To overcome these issues, I’m in the process of transitioning the assistant to a Retrieval-Augmented Generation (RAG) setup. The new approach includes:

 

 

🧱 Core Components:

 

  • LangChain: For chaining document loaders, embeddings, and LLMs
  • FAISS: Lightweight in-browser vector DB to store document chunks
  • OpenAI API (gpt-3.5-turbo): As the core reasoning engine
  • Resume + Text files: Real source data for grounded answers

 

 

🔍 What RAG will enable:

FeatureDescription

📄 Document-grounded Q&A Answers based on actual PDF/MD/TXT files
💡 Dynamic context No need to stuff everything into one prompt
🛠️ Easily updatable Just drop in new documents
🤖 Smarter responses Better factuality and follow-up ability

 


 

⚖️ Comparison Table: Current vs Planned

FeatureGemini ChatbotLangChain RAG Assistant

Document awareness ❌ None ✅ Reads actual files
Prompt structure 🔒 Static only 🔄 Dynamic retrieval
Model Gemini OpenAI (gpt-3.5-turbo)
Accuracy 🎯 Medium 🎯🎯 High (fact-grounded)
Maintainability 🔧 Manual edits required 🔧 Drop-in file updates
Extendability ❌ Not modular ✅ Easily extendable

 


 

🛤️ My Refactor Roadmap

 

Here’s a rough outline of my planned steps:

 

  1. Prototype the LangChain RAG pipeline using local files
  2. 🔄 Replace Gemini API backend with a /api/chat route powered by OpenAI
  3. 🧪 Test multi-document parsing (Resume.pdf, About_Project.txt, Roadmap.md)
  4. 🎛️ Add toggles to switch between Gemini and RAG modes (for testing)
  5. 🧼 Refactor UI if needed to improve responsiveness and loading behavior
  6. 📜 Write updated documentation for API, prompt structure, and usage
  7. 📝 Publish a follow-up blog with the full code and reflection

 


 

📝 Why This Matters

 

This upgrade isn’t just about showing off AI integration—it’s about giving my visitors (and potential employers) a real-time, accurate, and personalized experience when learning about my skills and projects.

 

By grounding answers in actual files, I remove fluff and show what I’ve truly done.

 


 

🚧 In Progress — Stay Tuned

 

This project is still in progress, and I’ll be documenting each milestone as I go.
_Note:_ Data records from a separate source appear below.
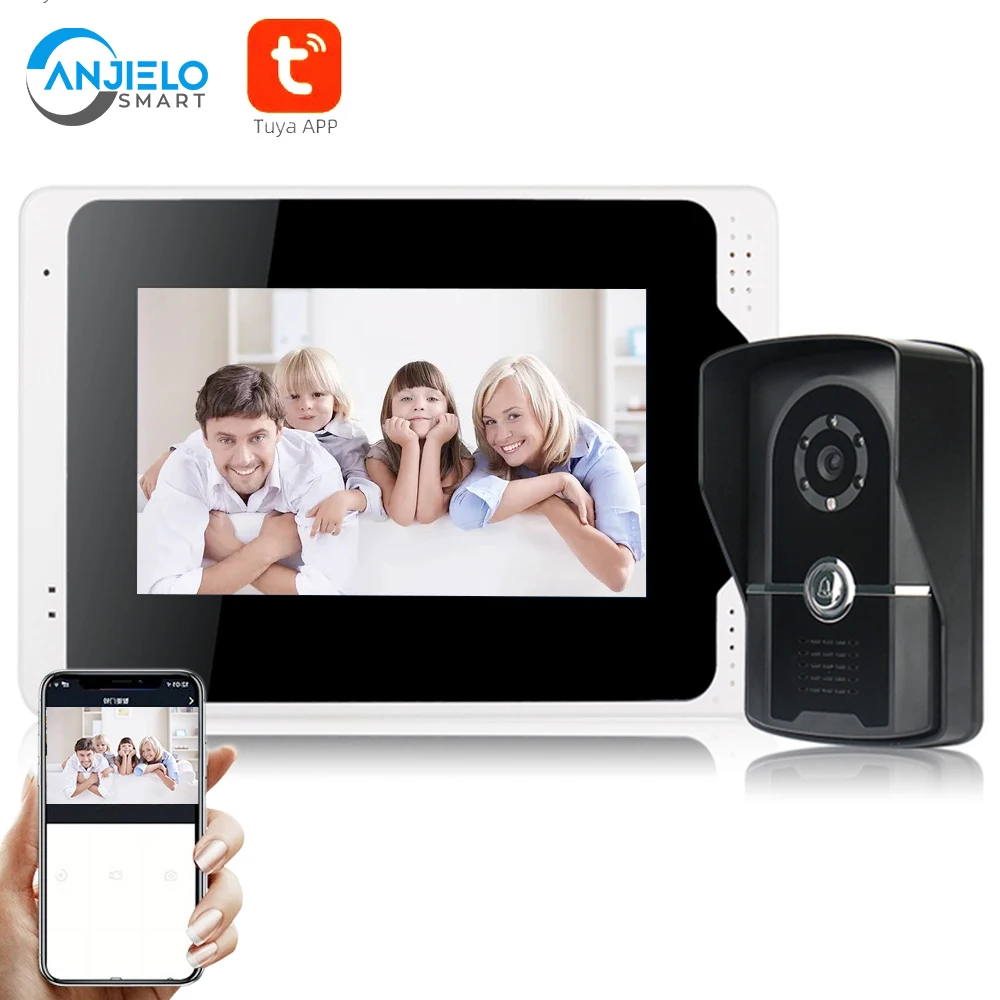 Tuya Video Intercom System Smart Home Vídeo Porteiro Wifi Video Doorbell With Surveillance Fingerprint Unlock Apartamentos 7inch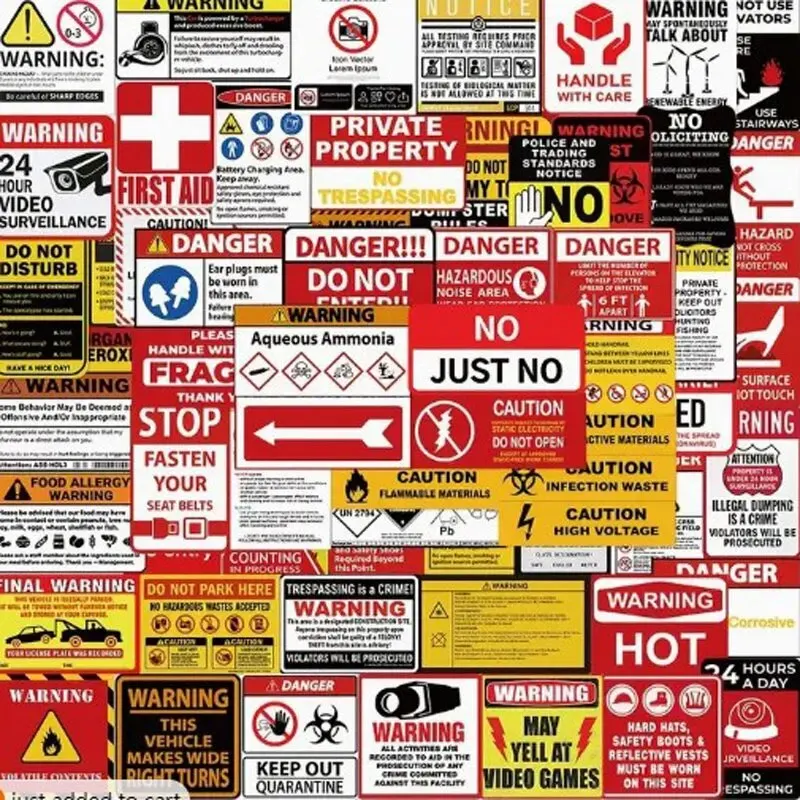 75 New Warning Safety Stickers Warning Signs PVC Stickers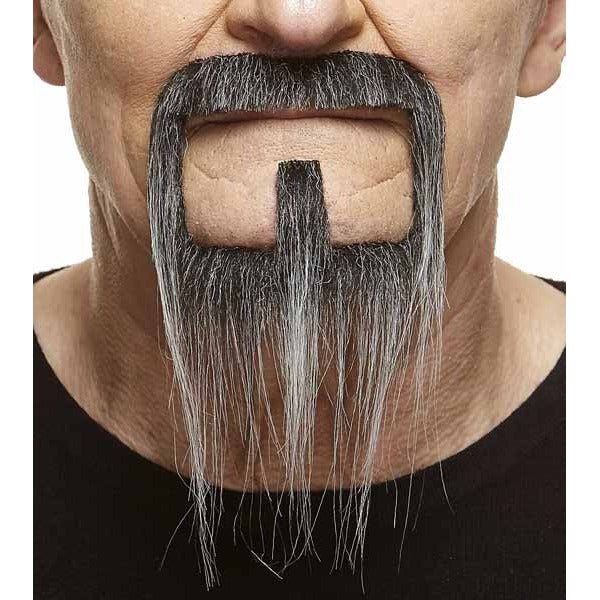 Black and Grey Moustache and Beard Costume Accessory
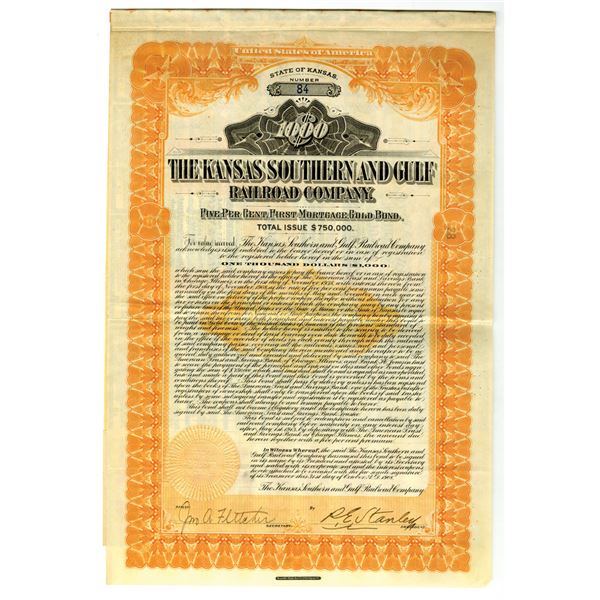 KS. Kansas Southern and Gulf Railroad Co., 1908, I/U Bond.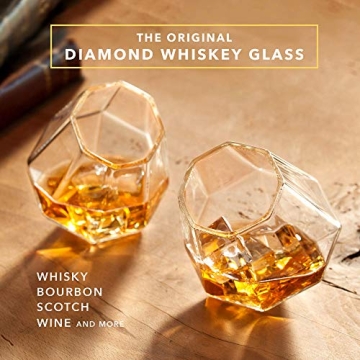 Stylish Diamond Shaped Whiskey Glasses Set of 2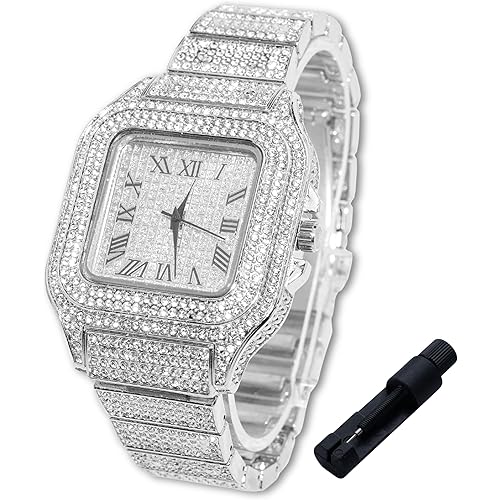 Halukakah Diamonds Watch Iced Out for Boy Teens Kids - 18K Real Gold/Platinum/Rhodium Black Plated,40mm Square Dial,Japanese Quartz - 8" Length - Optional with Cuban Link Chain,with Adjuster Tool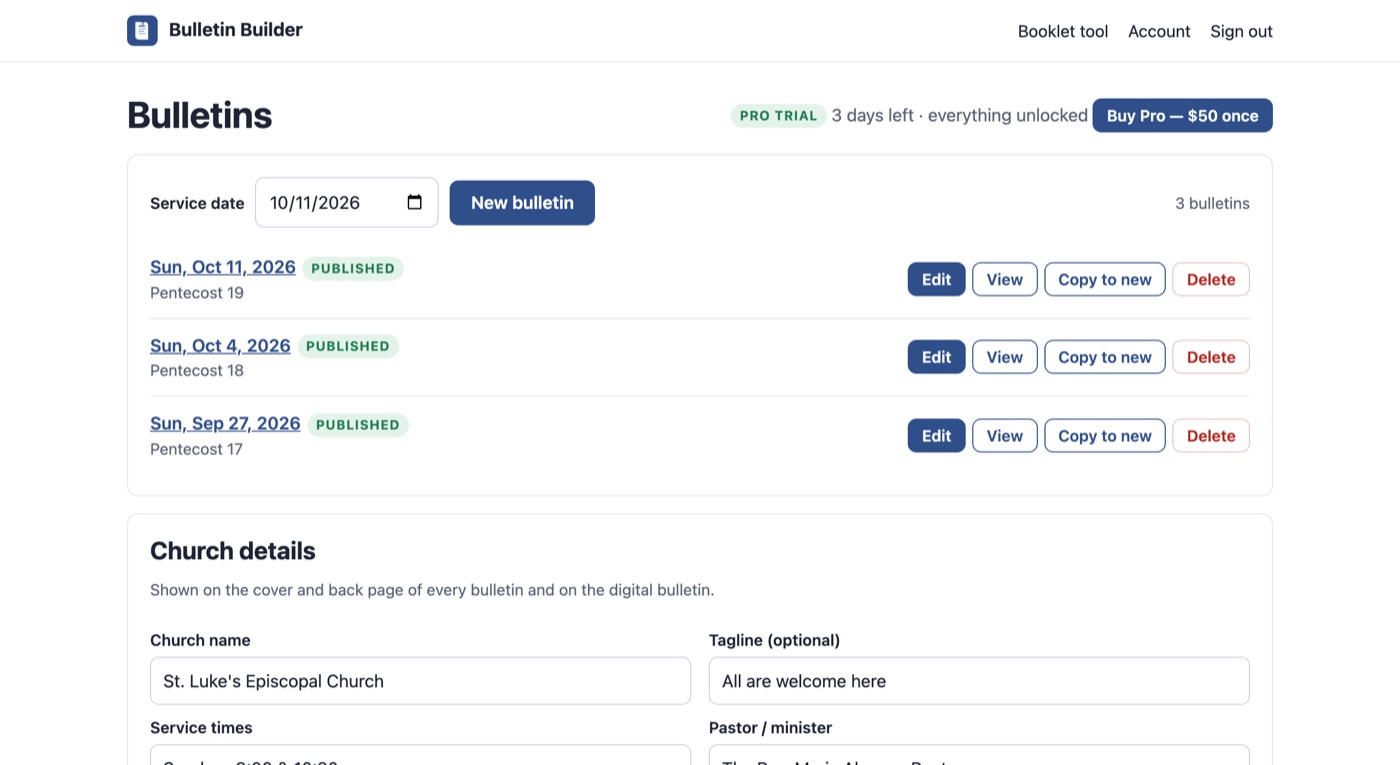 Bulletin list with Edit, View, Copy to new and Delete buttons for each bulletin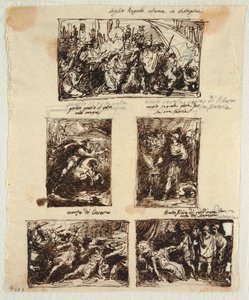 Design for Various Decorations including Coriolanus at the Walls of Rome by Felice Giani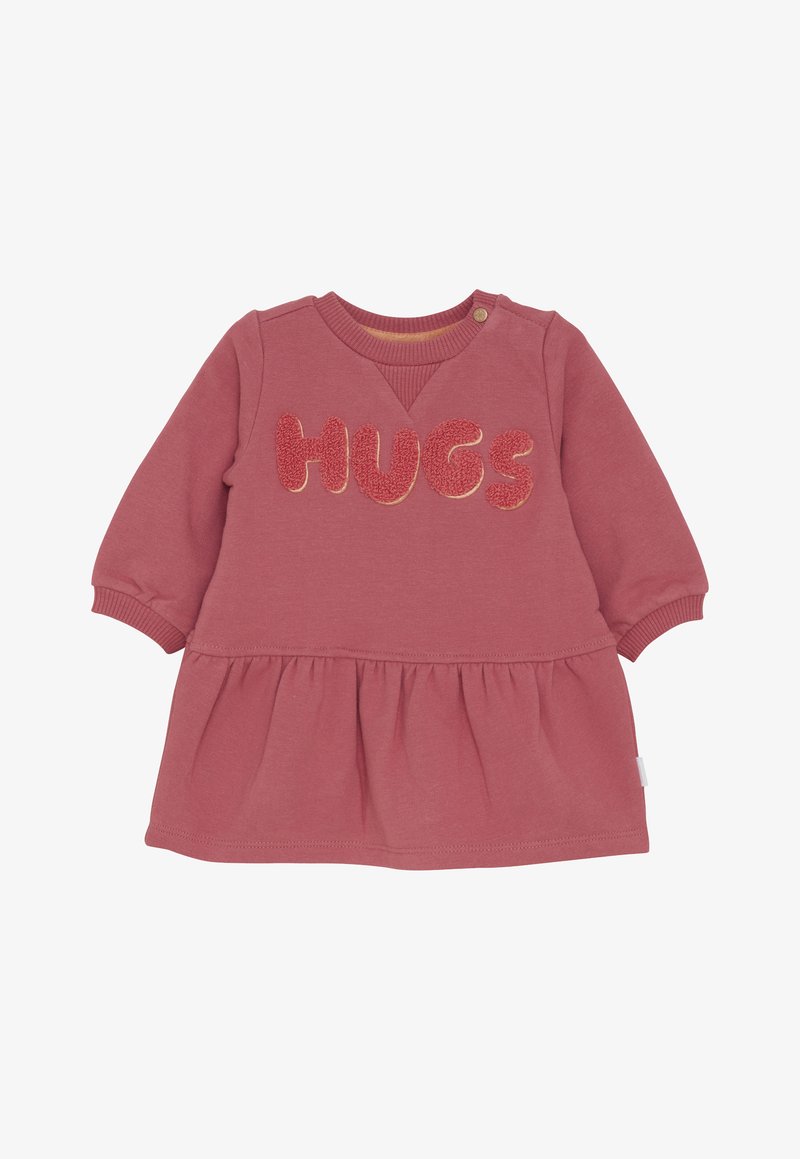 Langärmliges, staubrosa Kleid für Kleinkinder mit gerafftem Rock und strukturiertem "HUGS"-Schriftzug auf der Brust.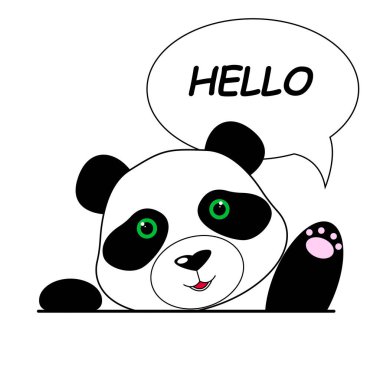Şirin panda pençesiyle karşılıyor. Panda patisini sallıyor. Vektör illüstrasyonu beyaz arkaplanda izole edildi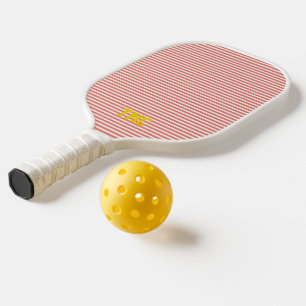 orange white stripe monogram initials yellow pickleball paddle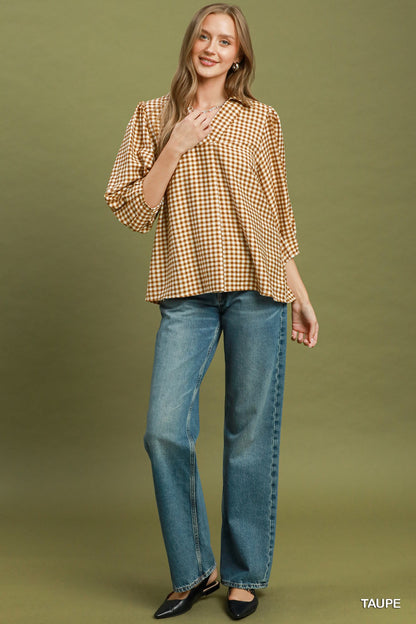 Umgee Long Sleeve Checkered V-Neck Top in Taupe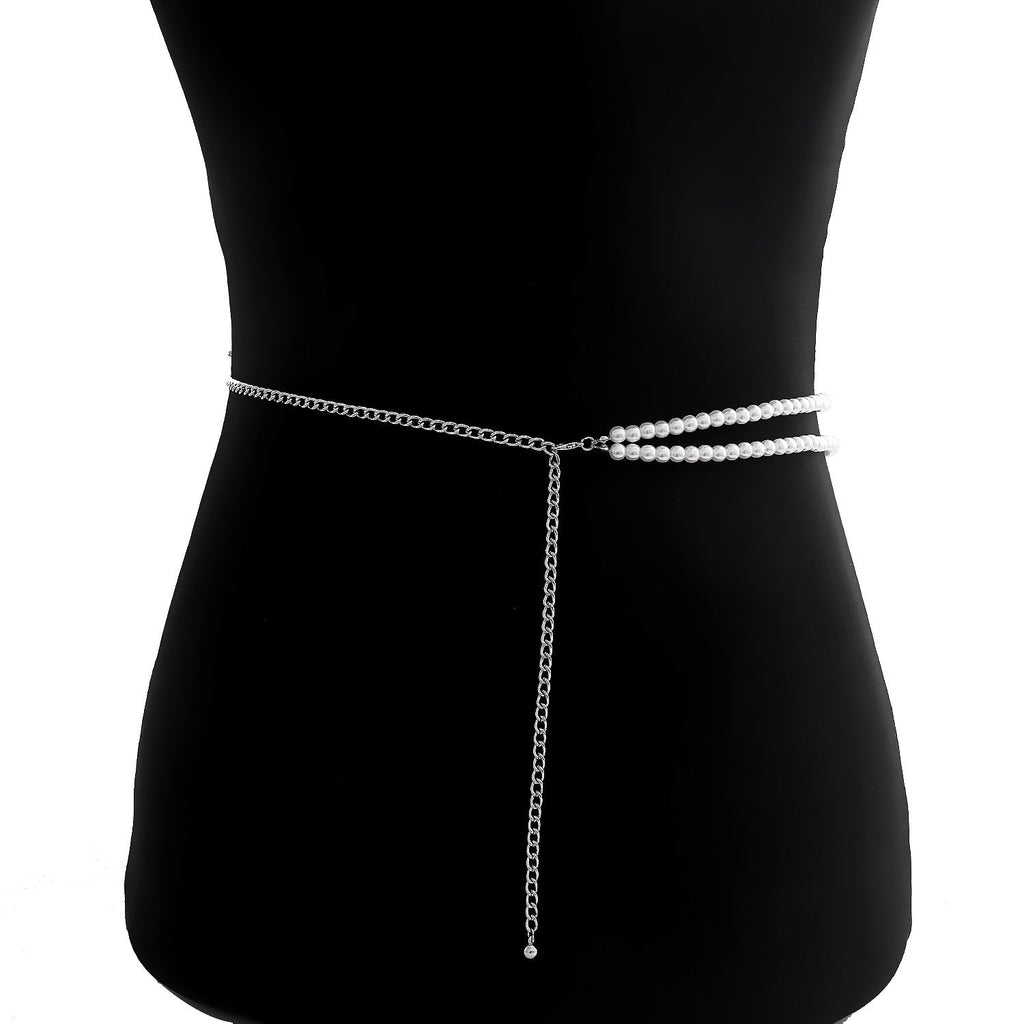Pearl Beads Waist Chain Layered Belly Chains Rave Body Jewelry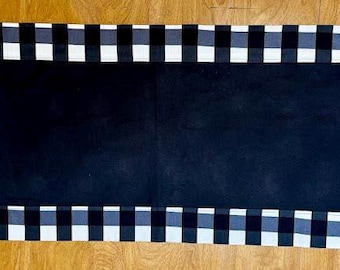 Handmade Buffalo Check Table Runner Solid Black Farmhouse Country Kitchen Table Topper Classic Decor Gift for Her Housewarming Gift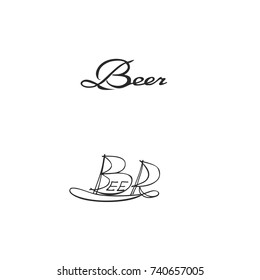 Beer sailboat. Beer text. Vector.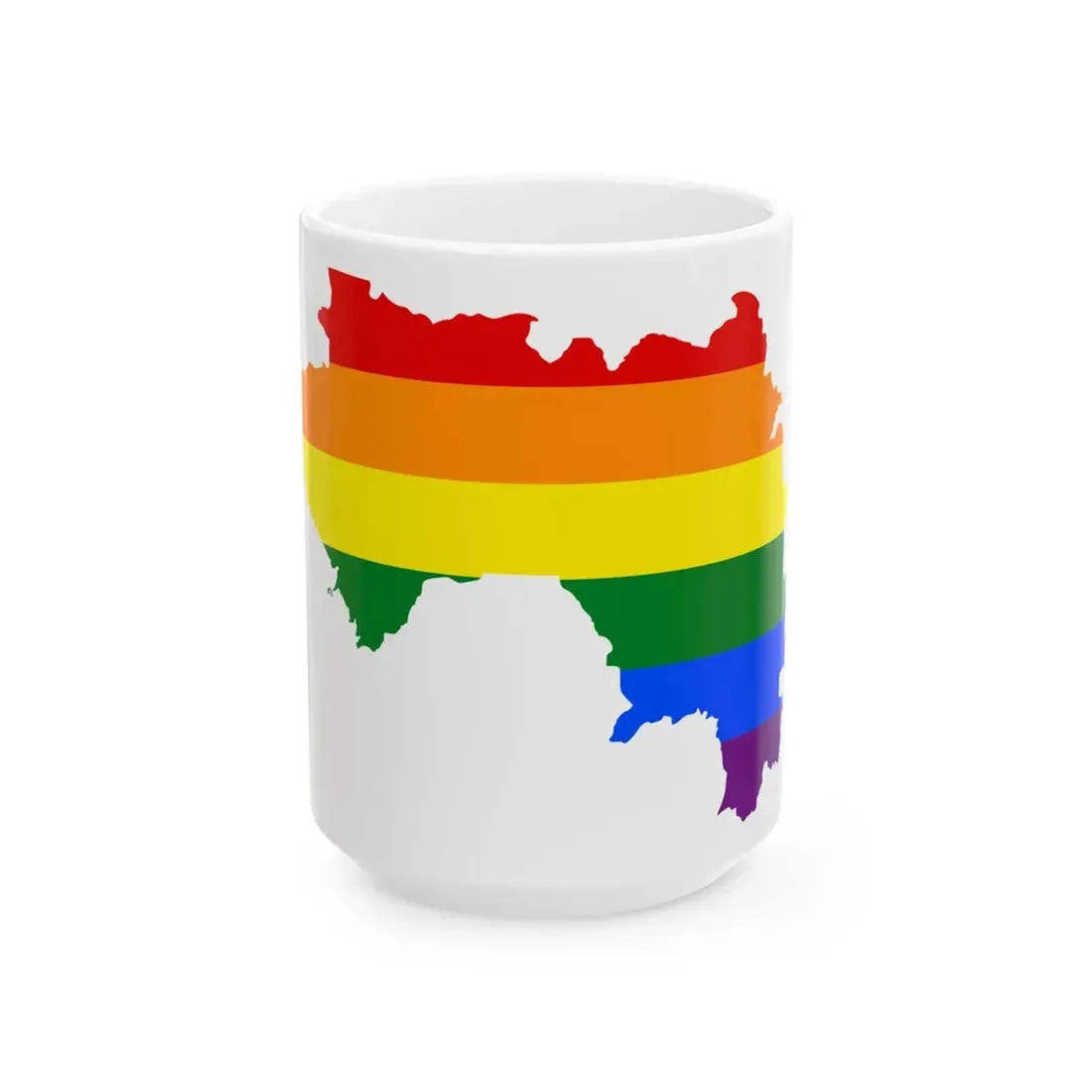 LGBT flag map of Guinea (Guinea) White Coffee Mug 15oz - Go Mug Yourself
Once the refactor is complete, I’ll update this blog with a full walkthrough, code samples, and deployment tips.

 

If you’re building an AI-enhanced portfolio too—or thinking about it—I’d love to hear how you’re approaching it!

 


 

📝 블로그 한글 요약: 포트폴리오 챗봇, 더 똑똑하게 리모델링하기

 

현재 내 포트폴리오 사이트에는 Google Gemini API를 사용하는 간단한 챗봇이 있고, 방문자가 나에 대해 질문하면 사전에 작성한 정보로 대답해줘. 하지만 이 방식은 고정된 프롬프트에 의존해서, 실제 내 이력서나 프로젝트 내용을 반영하지 못한다는 단점이 있다.

 

그래서 지금은 OpenAI API와 LangChain, FAISS를 활용한 RAG(Retrieval-Augmented Generation) 구조로 개선하는 리팩토링을 진행 중이다. 이 방식은 PDF, TXT 등 실제 문서를 읽고 벡터로 저장한 뒤, 질문에 맞춰 관련 정보를 찾아 대답하는 시스템이다.

 

 

✅ 이 리팩토링의 핵심 목표:

 

  • 실제 문서 기반 응답 제공 (이력서, 프로젝트 설명 등)
  • 더 정확하고 유연한 질문 대응
  • 쉽게 업데이트 가능한 구조
  • Gemini보다 확장성과 활용성이 뛰어남

 

 

📌 앞으로의 작업 계획:

 

  • LangChain + FAISS로 기본 구조 완성
  • 기존 Gemini API를 OpenAI로 대체
  • 멀티 문서 파싱 실험
  • 필요시 챗 UI 개선
  • 최종 블로그에 전체 코드와 후기 정리 예정

 

지금은 아직 개발 진행 중이고, 이 글은 리팩토링 과정과 개선 방향을 소개하는 첫 번째 블로그야. 추후 완성되면 후속 블로그로 정리할 계획이다!